Querido Octo, ao invés de deixarmos nossas almas com suas habituais carapuças divididas entre bem e mal, devemos terminar o processo, antes que o ciclo sanguinolento nos jogue em nossa própria alienação. Suas belas e curtas palavras nos mostraram que aquela experiencia lhe caiu muito bem, como uma roupa confortável e prazerosa. O teu rio, que parecia terminar em um lago estéril, agora corre viscoso e jovem novamente para os mais aprazíveis vales de nossa ensolarada terra.

 

Solaris disse

 

”Meus cabelos cor de fogo e minhas sardas sempre foram deleite e caminho do diabo para toda a sorte de macho. Aproveitei de minha raridade mas também de minha sagacidade para enganar e ganhar dinheiro fácil, ainda que se fazendo da mais pura e branca santa. Meus pensamentos sempre migraram para as mais depravadas maquinações. Que culpa eu tenho se nasci virada para o caos da imprevisibilidade. Do momento, da sensação. Mas quando cheguei ao grupo, primeiro, foi me dado o vinho da mais pueril de todas as orgias. Depois, a bebida de uma sangria sem nó, foi se purificando e hoje eu posso dizer com alegria que estou completamente entregue ao meu bom Deus. Eu sou da totalidade e o todo mora em mim, não mais podendo usar meu corpo jovem como passatempo de homens barbudos, com seus livros e angústias masturbatórias. Minha identidade se quebrou para unir-se ao universo. Agora sou completa”

 

Querida irmã. Meu leite que bebeste, purificou tua alquimia existencial. Vive suspensa em sua própria identidade, renovada e tomada pelo regozijo da certeza. Tua fome de sexo, nada mais era do que um grito de desespero contra o tédio. Agora que preenches tua mente com todo o tipo de pensamento, não mais precisa sentir-se viva por meio de toques e desabroches.

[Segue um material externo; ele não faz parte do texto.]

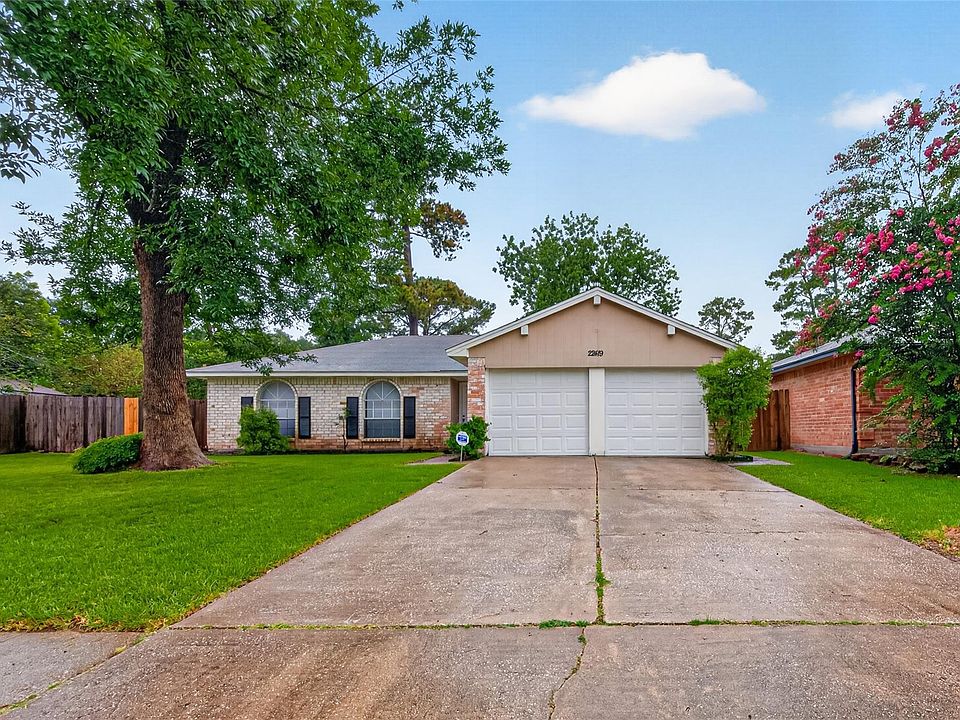 1st image of 22419 Spring Gate Dr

As transformações intensas, revolucionárias, que todos voces passaram, não significam absolutamente nada………

Porque o mais importante não é a tentativa de modificar completamente a identidade pessoal como maneira de evoluir, mas de construir novas identidades e se desligar do núcleo primordial, abraçar todas as suas perspectivas, todas as suas nuances, para alcançar o nirvana da existencia, para soltarem suas energias criativas. O ato de autoevoluir, de superar a fase do ego e de deitar na rede do observador experienciativo. 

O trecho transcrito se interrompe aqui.